Just months after completing the sale of almost $1 billion in private equity interests, New York City may be entering the secondary market as a buyer.
“We’ve looked at being a buyer on the secondary market as well,” said Barry Miller, head of private equity in the office of city Comptroller John Liu, while speaking at a Dow Jones event Thursday. “Where we can be competitive is if someone wants to sell a $200 million to $300 million part of an individual fund … and we’re comfortable in doing that.”
Miller added that the city’s five retirement systems would not be competing with specialist secondary firms to acquire entire portfolios. Instead, the $124 billion system would likely focus its efforts on individual fund interests.
If the retirement system does engage the secondary market as a buyer, it will not be to take on new fund managers, Miller told Private Equity International afterward. Instead, New York City would likely acquire interests in vehicles managed by firms with which it already has a relationship.

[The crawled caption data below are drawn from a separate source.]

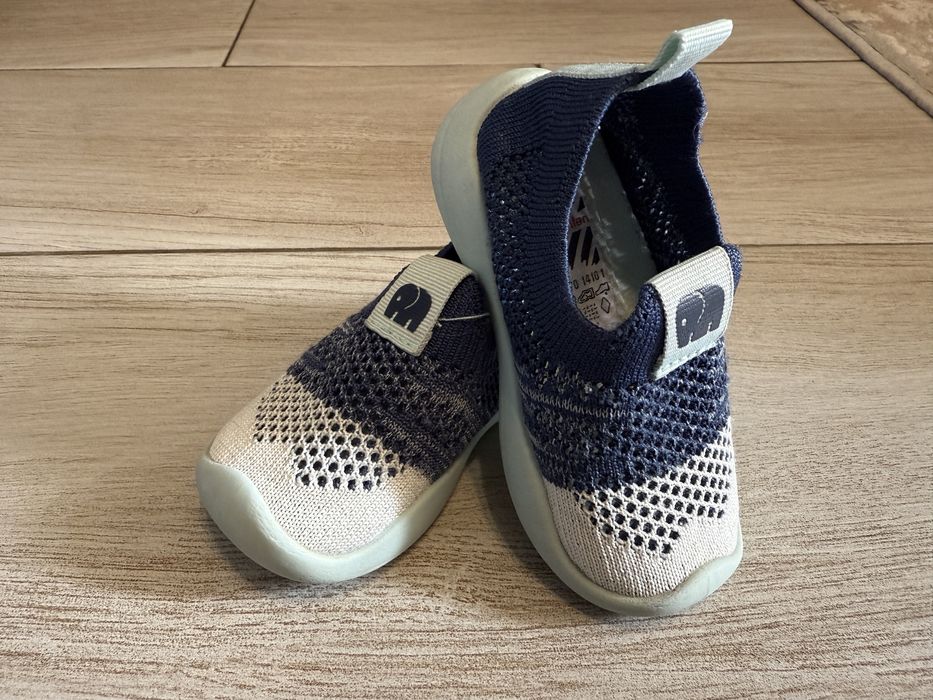 Легенькі кросівки Elefanten, 20 розмір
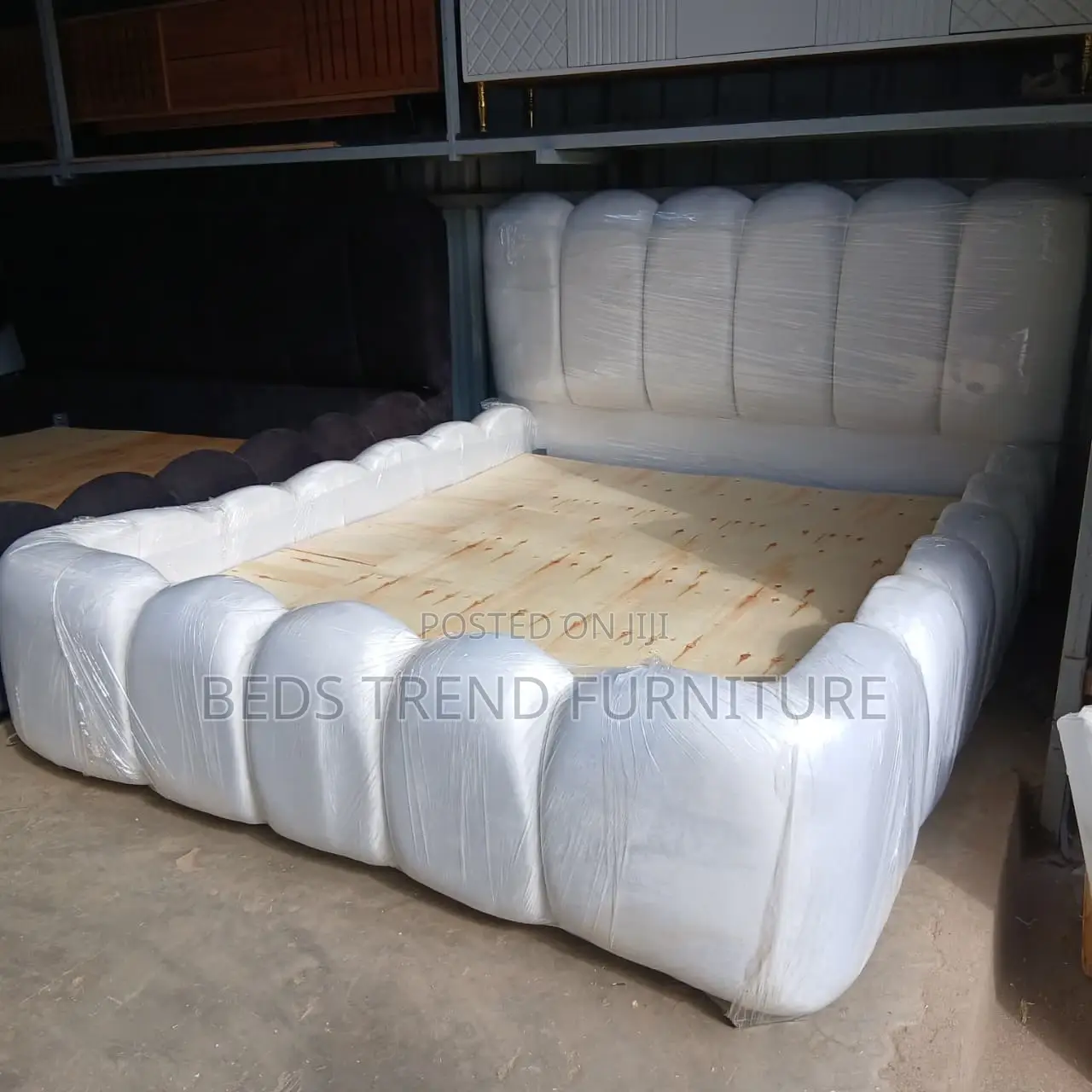 Animated 5 by 6 Bubbled Modern Bed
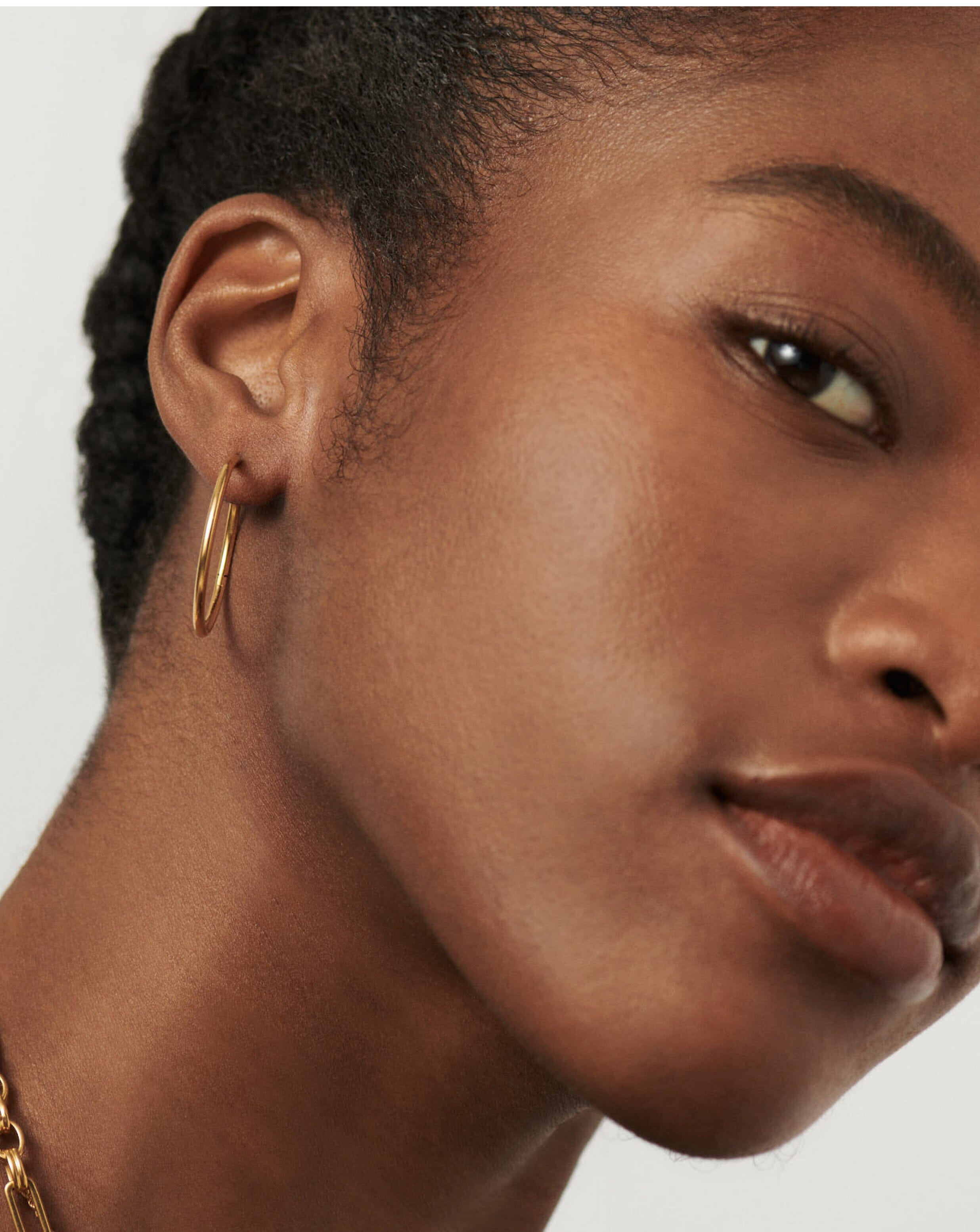 Classic Medium Hoop Earrings | 18k Gold Vermeil
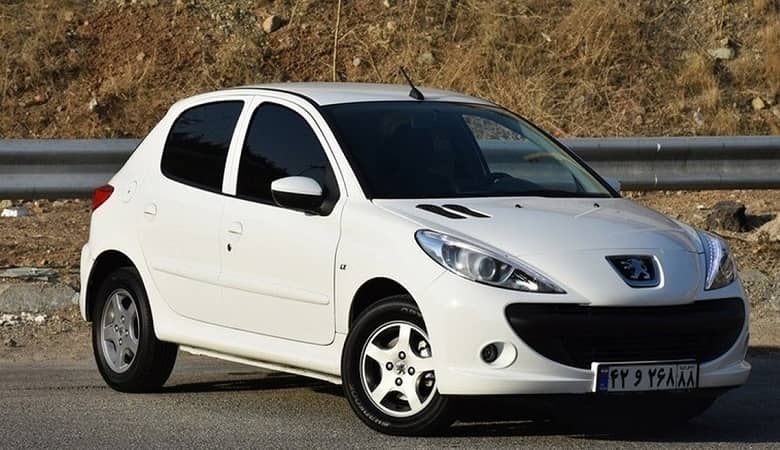 ریزش عجیب قیمت پژو ۲۰۷ در بازار امروز 22 مرداد+جدول قیمت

New York City sold approximately $520 million in private equity commitments in March, which was followed by an additional $456 million in July. The UBS-run sale included interests in vehicles managed by Clayton Dubilier & Rice, Silver Lake, Thomas H Lee Partners, AEA Investors, Ethos Private Equity, HM Equity Management, NewSpring Ventures, Tailwind Capital and Vitruvian Partners, Miller told Private Equity International in a previous interview.
Prior to the sale, the city’s system had 172 funds run by 108 general partners, representing roughly $13.7 billion in commitments. After the sale, the system had 161 funds with 99 general partners, representing roughly $12.7 billion in commitments.
As of 31 March, New York City had $8.4 billion in private equity assets under management, good for 6.8 percent of its total assets.